« Tous les films sont autobiographiques, mais celui-là l’est plus directement car c’est l’histoire d’une éducation à la fois sentimentale et politique que j’ai un peu vécue au début des années soixante » : plus que la veine autobiographique, celle du cinéaste encore débutant tenté par les luttes marxistes au début des années 1960, c’est l’allusion (non la référence) à une « éducation sentimentale » qui trouble dans cette citation de Bertolucci sur son deuxième long métrage, qui est aussi une véritable et belle étude sur le temps cinématographique. Fabrizio, le jeune homme amoureux et sans passion de Prima della Rivoluzione, directement inspiré du Fabrice del Dongo de La Chartreuse de Parme (les deux personnages vivant deux époques de troubles à quelques siècles de distance), rappelle davantage en effet le héros de L’Éducation sentimentale : comme Frédéric Moreau, le Fabrizio de Bertolucci est indécis, indéterminé et surtout prisonnier d’un histoire cynique alors que l’orgueilleux et aventureux Del Dongo est toujours en mouvement dans l’œuvre très romanesque de Stendhal. Si le motif de l’amour incestueux (Fabrizio aime jalousement sa tante Gina) est un pas de plus du jeune cinéaste dans ceux de Stendhal, Flaubert et Bertolucci partagent toutefois la peinture des milieux (celui, bourgeois, dont Fabrizio porte les gestes et les atours, et celui dont il rêve, cette nouvelle société égalitaire théorisée par son camarade communiste), la désillusion intime et politique et ce même ricanement final où un mariage sans amour conclut les deux trajectoires parallèles. Comme Frédéric Moreau, Fabrizio veut, voudrait, ne veut plus : il ne sait pas vouloir. Comme son contre-modèle, l’intranquille héros de Prima della Rivoluzione est rattrapé par sa peur du vide et confronté au temps inerte, immobile de l’histoire, cette histoire qu’il faudrait « réécrire », comme le rappelle l’austère Cesare à son ami idéaliste et inconstant.

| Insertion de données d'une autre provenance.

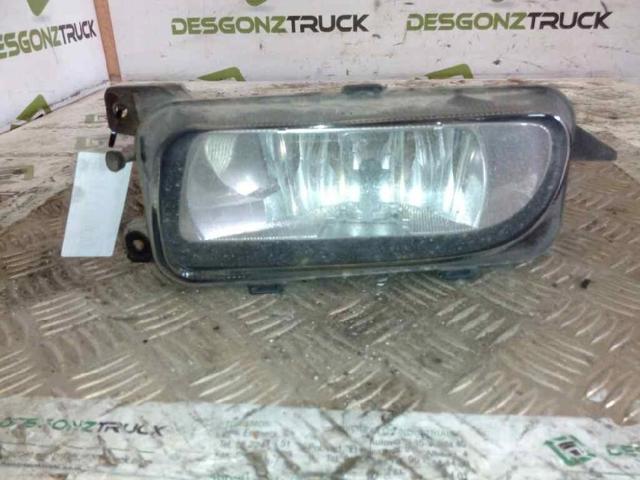 Lampa przeciwmgielna lewa A9438200056 MERCEDES
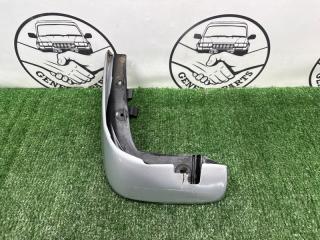 Запчасть брызговик передний левый Honda Fit 2010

« L’histoire tombe au dehors comme la neige »
Prima della Rivoluzione est le deuxième film d’un auteur de vingt-deux ans qui n’a réalisé qu’un long métrage deux ans plus tôt ; cinéaste littéraire, Bertolucci adaptera plus tard un scénario de Borges qui illustre lui aussi ce thème du temps cyclique et cynique, l’éternel retour du même (La Stratégie de l’araignée, un peu oublié, date de 1970). Le temps de Bertolucci est ainsi une question de boucle plus que de ligne : l’histoire tombe « comme la neige », les personnages contemplent passivement ses sursauts. Ainsi le temps qui habite le film est une matière lâche et distendue, exprimée par une rhétorique parfois précieuse (plans répétées avec un léger décalage elliptique, gros plans, intertitres d’une poésie un peu déclamatoire …) ; mais l’utilisation sensuelle des éclairages, les ruptures de tons et de styles et les cadres sophistiqués créent une dynamique et une rythmique profondément originales. Faut-il voir dans ce film, qui exprime beaucoup de son époque (l’antiracisme, Godard et Ana Karina, la mort de Marilyn, Salan et la guerre d’Algérie, l’Unità…), une œuvre-manifeste politique ? ou l’œuvre de jeunesse d’un poète (Bertolucci écrivait bien avant de tourner) qui fait preuve sans en avoir l’air d’une remarquable intuition esthétique pour inventer un romanesque d’avant-garde ?
Dissonance
La linéarité perdue comme un paradis perdu : Prima della Rivoluzione, entre L’Avventura et Les Poings dans les poches – le déterminisme psychologique de Bellocchio en moins – est un film dissonant. L’histoire somme toute assez conventionnelle d’un jeune homme de bonne famille qui couche avec sa mère – pardon, avec la sœur de sa mère… – tout en rêvant d’un changement dans l’air du temps est aussi une ligne tendue entre des éléments divers et épars (les fameux « blocs lyriques », autonomes et intrusifs : chansons populaires, conversations cinéphiles sur la Nouvelle Vague française, diatribes sur l’abandon des campagnes…) qu’une force étrange, probablement unique dans l’œuvre de son auteur, permet de faire tenir envers et contre tout : cinéma d’équilibriste, impressionniste, ce second film présente une belle surface mais son intérêt est surtout dans un écriture déroutante qui refuse les apories du dogmatisme militant, les réponses du psychologisme et les rêveries trop éthérées d’un cinéma « existentiel ». Pour l’assistant de Pasolini sur le tournage d’Accattone, l’enjeu est aussi d’en finir avec ce néo-réalisme des faubourgs qui colle à la peau du cinéma italien. Il y parvient avec un brio et une aisance dans le cadre, la lumière et le récit que bien peu de ses films à venir porteront à un tel degré de réussite.